As a junior at Brown University, Roose spent his semester “abroad” as a transfer student at Liberty University, the strictly Christian Virginia school founded by Jerry Falwell. He congratulates himself on his own wordliness (Brown, he tells us, is “a school whose overall social climate, according to Falwellian standards at least, is only a notch or two above Sodom and Gomorrah.”) He learns the folkways of the school and bonds with his dormmates. His own spirituality unexpectedly deepens. He keeps in touch with friends he’s made. Following another prerequisite for the genre, Roose’s book, “The Unlikely Disciple,” boasts a long subtitle, which I forget but which translates to “I Was a Teenage Evangelical.”


I confess that I’ve only read the excerpts of “Unlikely Disciple” available on Salon and on Roose’s own site. This isn’t laziness alone: I find these accounts nearly unreadable in the repetition of scenes: the hopeless street evangelizing, the conversion attempts, the off-the-reservation partying. There’s little that suggests that Roose has moved the goalposts on our understanding of evangelicals. The focus on his own daring experiment enables Roose to refrain from meaningful analysis: his qualification for his inquiry is precisely that he knows so little of his exotic prey. The arc of his story is his journey through the Christian wilderness. But he’s no gonzo journo who blows up the assignment with fear and loathing: as he explains on his blog, he now prays daily and more readily calls himself a Christian (he was raised a Quaker).

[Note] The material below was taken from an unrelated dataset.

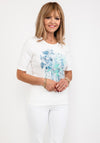 Olsen Leaf & Snake Print Graphic T-Shirt, White Multi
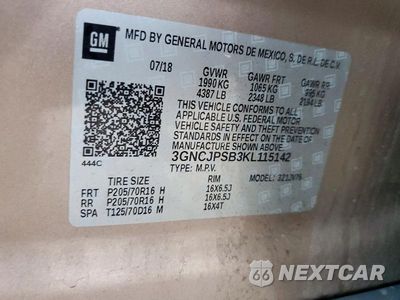 Zdjęcie 12 z 12 samochodu: 2019 CHEVROLET TRAX 1LT VIN:3GNCJPSB3KL115142 - miniatura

Roose got the idea for his book while serving as an intern to A.J. Jacobs for his “The Year of Living Bibically: One Man’s Humble Quest to Follow the Bible as Literally as Possible,” but in subject matter it more resembles “God’s Harvard: A Christian College on a Mission to Save America” Hanna Rosin’s more sincerely serious account of getting to know students at Patrick Henry College, the academy aimed at grooming politically effective conservative Christians. (Rosin’s husband, David Plotz, has also just published a more sincerely serious version of Jacobs’s book, “Good Book: The Bizarre, Hilarious, Disturbing, Marvelous, and Inspiring Things I Learned When I Read Every Single Word of the Bible”).

Each of these authors has a different agenda–Jacobs plays the Torah’s outdated dicta for laughs (Roose, when working for him, was his biblically sanctioned slave), while Rosin is a political reporter taking stock of the Bush era. But these chroniclers have in common a strange naiveté.
It takes one kind of blindness, of course, in pronouncing the Bible and its adherents to be genuinely interesting and only slightly annoying, as opposed to truly pernicious. But there is something else–the presumption that we the reader might not have realized that religion–even other people’s religion–has some positive values at its core. We wouldn’t credit a writer who took a book to tell us that, snobs aside of course, wine tastes good or that–look, everyone!–football can be damned exciting. Yet these authors sport an arrogant confidence that readers will not only forgive these authors for their lack of sophistication about religion, but admire them for discovering it in public.